Sunday, March 13, 2016

Methane crackdown at heart of 'historic' U.S.-Canada pact

Amanda Reilly, E&E reporter

U.S. EPA plans to regulate methane from existing oil and gas operations under a U.S.-Canada climate agreement announced today.

Marking the start of a White House visit by Canadian Prime Minister Justin Trudeau, the Obama administration also rolled out a partnership to address climate impacts in the Arctic and vowed to accelerate efforts to shape long-term greenhouse gas reduction strategies under the Paris climate change agreement. The nations also pledged to expand renewable energy and to align energy efficiency standards.

At a White House news conference, President Obama said major developed countries must take leadership roles on global warming....

The announcement on methane is controversial.

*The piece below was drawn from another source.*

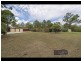 1937 Beaudesert Beenleigh Rd, Tamborine QLD 4270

The oil and gas industry, which believes voluntary actions are sufficient to address its emissions, pushed back against the agreement and warned that it would halt the development of U.S. shale resources.

The American Petroleum Institute said the Obama administration was "catering to environmental extremists" and didn't rule out legal action.

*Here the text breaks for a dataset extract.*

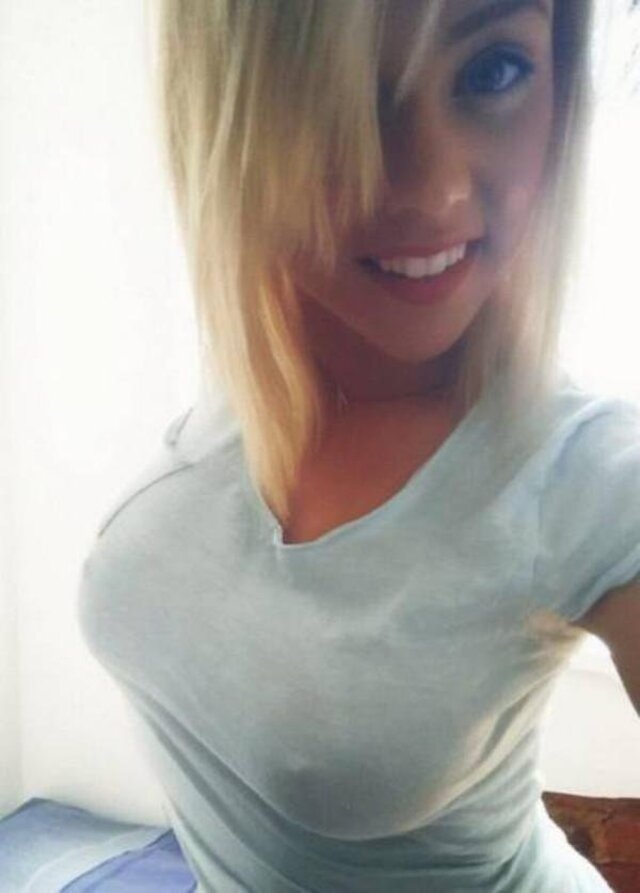 beautifulgirls800_056
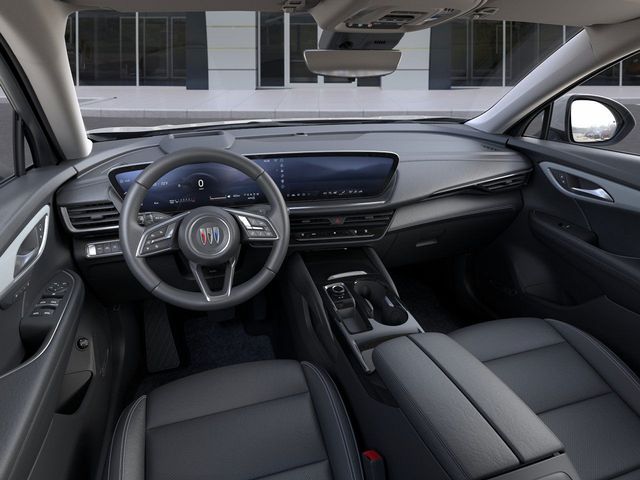 2024 Buick Envision Avenir 15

"We don't have a dollar figure, but we can only assume that the economic impacts of regulating existing wells is going to be massive," said Kyle Isakower, API's vice president of regulatory and economic policy.

Environmentalists and Democratic lawmakers -- both of whom have been calling on the administration for months to tackle existing oil and gas operations -- applauded the agreement as a big step forward for addressing climate change.